## Dataset
○ ○ ○ ○ ○ ○ ○

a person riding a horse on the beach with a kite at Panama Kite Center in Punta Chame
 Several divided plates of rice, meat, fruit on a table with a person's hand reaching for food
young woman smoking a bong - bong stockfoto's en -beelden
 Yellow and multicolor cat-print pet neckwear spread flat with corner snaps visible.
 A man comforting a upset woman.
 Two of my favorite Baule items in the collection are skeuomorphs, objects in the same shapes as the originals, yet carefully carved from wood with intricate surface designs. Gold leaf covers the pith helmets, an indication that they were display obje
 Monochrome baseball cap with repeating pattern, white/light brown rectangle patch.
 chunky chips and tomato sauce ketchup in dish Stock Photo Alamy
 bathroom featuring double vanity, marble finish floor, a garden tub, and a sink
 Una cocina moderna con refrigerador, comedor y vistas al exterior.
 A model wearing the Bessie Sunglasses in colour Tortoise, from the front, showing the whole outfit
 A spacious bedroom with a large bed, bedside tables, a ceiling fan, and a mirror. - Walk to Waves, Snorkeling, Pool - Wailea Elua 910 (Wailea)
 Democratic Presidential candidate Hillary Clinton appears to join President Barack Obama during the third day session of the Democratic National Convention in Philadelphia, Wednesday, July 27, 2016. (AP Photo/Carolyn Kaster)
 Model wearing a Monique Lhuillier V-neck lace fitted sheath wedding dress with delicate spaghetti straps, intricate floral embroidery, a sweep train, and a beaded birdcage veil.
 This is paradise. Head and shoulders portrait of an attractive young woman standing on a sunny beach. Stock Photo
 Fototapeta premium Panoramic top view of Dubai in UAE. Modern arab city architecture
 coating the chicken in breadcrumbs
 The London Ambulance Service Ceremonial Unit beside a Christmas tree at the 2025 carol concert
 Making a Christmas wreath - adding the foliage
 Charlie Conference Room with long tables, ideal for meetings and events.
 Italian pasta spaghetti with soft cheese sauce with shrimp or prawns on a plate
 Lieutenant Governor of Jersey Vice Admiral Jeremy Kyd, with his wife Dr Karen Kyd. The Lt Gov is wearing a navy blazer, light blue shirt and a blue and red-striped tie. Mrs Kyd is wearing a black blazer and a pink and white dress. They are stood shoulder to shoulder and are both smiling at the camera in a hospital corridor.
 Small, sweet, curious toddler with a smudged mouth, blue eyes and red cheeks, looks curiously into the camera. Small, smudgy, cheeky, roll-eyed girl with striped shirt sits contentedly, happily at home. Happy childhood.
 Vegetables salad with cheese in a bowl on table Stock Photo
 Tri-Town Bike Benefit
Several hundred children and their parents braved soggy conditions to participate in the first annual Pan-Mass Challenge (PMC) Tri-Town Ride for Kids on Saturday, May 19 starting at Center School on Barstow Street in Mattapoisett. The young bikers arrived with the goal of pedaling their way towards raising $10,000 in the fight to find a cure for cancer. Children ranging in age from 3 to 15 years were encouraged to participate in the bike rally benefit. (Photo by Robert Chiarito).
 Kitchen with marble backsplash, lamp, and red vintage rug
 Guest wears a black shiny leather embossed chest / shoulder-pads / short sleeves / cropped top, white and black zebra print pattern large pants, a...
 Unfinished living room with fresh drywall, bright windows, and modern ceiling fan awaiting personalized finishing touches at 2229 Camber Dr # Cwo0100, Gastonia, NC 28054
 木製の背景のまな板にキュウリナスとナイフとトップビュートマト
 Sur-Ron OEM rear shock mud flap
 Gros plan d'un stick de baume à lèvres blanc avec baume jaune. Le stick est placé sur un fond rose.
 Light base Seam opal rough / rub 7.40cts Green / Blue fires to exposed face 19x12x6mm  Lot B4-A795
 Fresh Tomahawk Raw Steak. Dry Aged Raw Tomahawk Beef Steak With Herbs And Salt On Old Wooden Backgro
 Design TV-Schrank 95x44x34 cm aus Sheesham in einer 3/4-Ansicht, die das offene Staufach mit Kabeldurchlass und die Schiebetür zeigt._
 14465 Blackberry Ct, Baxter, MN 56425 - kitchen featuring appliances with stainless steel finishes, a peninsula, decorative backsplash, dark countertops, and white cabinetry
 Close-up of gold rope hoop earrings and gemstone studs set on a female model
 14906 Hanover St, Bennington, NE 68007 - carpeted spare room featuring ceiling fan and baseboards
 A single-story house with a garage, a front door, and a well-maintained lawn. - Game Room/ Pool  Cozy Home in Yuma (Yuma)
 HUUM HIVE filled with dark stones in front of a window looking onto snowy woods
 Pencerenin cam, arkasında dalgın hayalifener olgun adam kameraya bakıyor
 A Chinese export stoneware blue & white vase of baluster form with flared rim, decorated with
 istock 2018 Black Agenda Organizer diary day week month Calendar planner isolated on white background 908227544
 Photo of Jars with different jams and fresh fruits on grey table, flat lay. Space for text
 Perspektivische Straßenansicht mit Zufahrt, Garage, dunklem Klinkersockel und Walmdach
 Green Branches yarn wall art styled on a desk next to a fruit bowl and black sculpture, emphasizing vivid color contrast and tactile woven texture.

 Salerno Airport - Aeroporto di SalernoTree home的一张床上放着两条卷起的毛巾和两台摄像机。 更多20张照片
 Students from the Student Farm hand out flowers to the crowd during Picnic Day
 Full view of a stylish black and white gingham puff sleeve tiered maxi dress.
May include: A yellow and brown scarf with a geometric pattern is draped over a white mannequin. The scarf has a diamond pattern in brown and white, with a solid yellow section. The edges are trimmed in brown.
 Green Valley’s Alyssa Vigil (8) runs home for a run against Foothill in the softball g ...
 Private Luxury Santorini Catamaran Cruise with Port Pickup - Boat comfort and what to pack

○ ○ ○ ○ ○ ○ ○

## What is being asked
Copy out the entries in full, exactly as they appear.

## Response box
a person riding a horse on the beach with a kite at Panama Kite Center in Punta Chame
 Several divided plates of rice, meat, fruit on a table with a person's hand reaching for food
young woman smoking a bong - bong stockfoto's en -beelden
 Yellow and multicolor cat-print pet neckwear spread flat with corner snaps visible.
 A man comforting a upset woman.
 Two of my favorite Baule items in the collection are skeuomorphs, objects in the same shapes as the originals, yet carefully carved from wood with intricate surface designs. Gold leaf covers the pith helmets, an indication that they were display obje
 Monochrome baseball cap with repeating pattern, white/light brown rectangle patch.
 chunky chips and tomato sauce ketchup in dish Stock Photo Alamy
 bathroom featuring double vanity, marble finish floor, a garden tub, and a sink
 Una cocina moderna con refrigerador, comedor y vistas al exterior.
 A model wearing the Bessie Sunglasses in colour Tortoise, from the front, showing the whole outfit
 A spacious bedroom with a large bed, bedside tables, a ceiling fan, and a mirror. - Walk to Waves, Snorkeling, Pool - Wailea Elua 910 (Wailea)
 Democratic Presidential candidate Hillary Clinton appears to join President Barack Obama during the third day session of the Democratic National Convention in Philadelphia, Wednesday, July 27, 2016. (AP Photo/Carolyn Kaster)
 Model wearing a Monique Lhuillier V-neck lace fitted sheath wedding dress with delicate spaghetti straps, intricate floral embroidery, a sweep train, and a beaded birdcage veil.
 This is paradise. Head and shoulders portrait of an attractive young woman standing on a sunny beach. Stock Photo
 Fototapeta premium Panoramic top view of Dubai in UAE. Modern arab city architecture
 coating the chicken in breadcrumbs
 The London Ambulance Service Ceremonial Unit beside a Christmas tree at the 2025 carol concert
 Making a Christmas wreath - adding the foliage
 Charlie Conference Room with long tables, ideal for meetings and events.
 Italian pasta spaghetti with soft cheese sauce with shrimp or prawns on a plate
 Lieutenant Governor of Jersey Vice Admiral Jeremy Kyd, with his wife Dr Karen Kyd. The Lt Gov is wearing a navy blazer, light blue shirt and a blue and red-striped tie. Mrs Kyd is wearing a black blazer and a pink and white dress. They are stood shoulder to shoulder and are both smiling at the camera in a hospital corridor.
 Small, sweet, curious toddler with a smudged mouth, blue eyes and red cheeks, looks curiously into the camera. Small, smudgy, cheeky, roll-eyed girl with striped shirt sits contentedly, happily at home. Happy childhood.
 Vegetables salad with cheese in a bowl on table Stock Photo
 Tri-Town Bike Benefit
Several hundred children and their parents braved soggy conditions to participate in the first annual Pan-Mass Challenge (PMC) Tri-Town Ride for Kids on Saturday, May 19 starting at Center School on Barstow Street in Mattapoisett. The young bikers arrived with the goal of pedaling their way towards raising $10,000 in the fight to find a cure for cancer. Children ranging in age from 3 to 15 years were encouraged to participate in the bike rally benefit. (Photo by Robert Chiarito).
 Kitchen with marble backsplash, lamp, and red vintage rug
 Guest wears a black shiny leather embossed chest / shoulder-pads / short sleeves / cropped top, white and black zebra print pattern large pants, a...
 Unfinished living room with fresh drywall, bright windows, and modern ceiling fan awaiting personalized finishing touches at 2229 Camber Dr # Cwo0100, Gastonia, NC 28054
 木製の背景のまな板にキュウリナスとナイフとトップビュートマト
 Sur-Ron OEM rear shock mud flap
 Gros plan d'un stick de baume à lèvres blanc avec baume jaune. Le stick est placé sur un fond rose.
 Light base Seam opal rough / rub 7.40cts Green / Blue fires to exposed face 19x12x6mm  Lot B4-A795
 Fresh Tomahawk Raw Steak. Dry Aged Raw Tomahawk Beef Steak With Herbs And Salt On Old Wooden Backgro
 Design TV-Schrank 95x44x34 cm aus Sheesham in einer 3/4-Ansicht, die das offene Staufach mit Kabeldurchlass und die Schiebetür zeigt._
 14465 Blackberry Ct, Baxter, MN 56425 - kitchen featuring appliances with stainless steel finishes, a peninsula, decorative backsplash, dark countertops, and white cabinetry
 Close-up of gold rope hoop earrings and gemstone studs set on a female model
 14906 Hanover St, Bennington, NE 68007 - carpeted spare room featuring ceiling fan and baseboards
 A single-story house with a garage, a front door, and a well-maintained lawn. - Game Room/ Pool  Cozy Home in Yuma (Yuma)
 HUUM HIVE filled with dark stones in front of a window looking onto snowy woods
 Pencerenin cam, arkasında dalgın hayalifener olgun adam kameraya bakıyor
 A Chinese export stoneware blue & white vase of baluster form with flared rim, decorated with
 istock 2018 Black Agenda Organizer diary day week month Calendar planner isolated on white background 908227544
 Photo of Jars with different jams and fresh fruits on grey table, flat lay. Space for text
 Perspektivische Straßenansicht mit Zufahrt, Garage, dunklem Klinkersockel und Walmdach
 Green Branches yarn wall art styled on a desk next to a fruit bowl and black sculpture, emphasizing vivid color contrast and tactile woven texture.

 Salerno Airport - Aeroporto di SalernoTree home的一张床上放着两条卷起的毛巾和两台摄像机。 更多20张照片
 Students from the Student Farm hand out flowers to the crowd during Picnic Day
 Full view of a stylish black and white gingham puff sleeve tiered maxi dress.
May include: A yellow and brown scarf with a geometric pattern is draped over a white mannequin. The scarf has a diamond pattern in brown and white, with a solid yellow section. The edges are trimmed in brown.
 Green Valley’s Alyssa Vigil (8) runs home for a run against Foothill in the softball g ...
 Private Luxury Santorini Catamaran Cruise with Port Pickup - Boat comfort and what to pack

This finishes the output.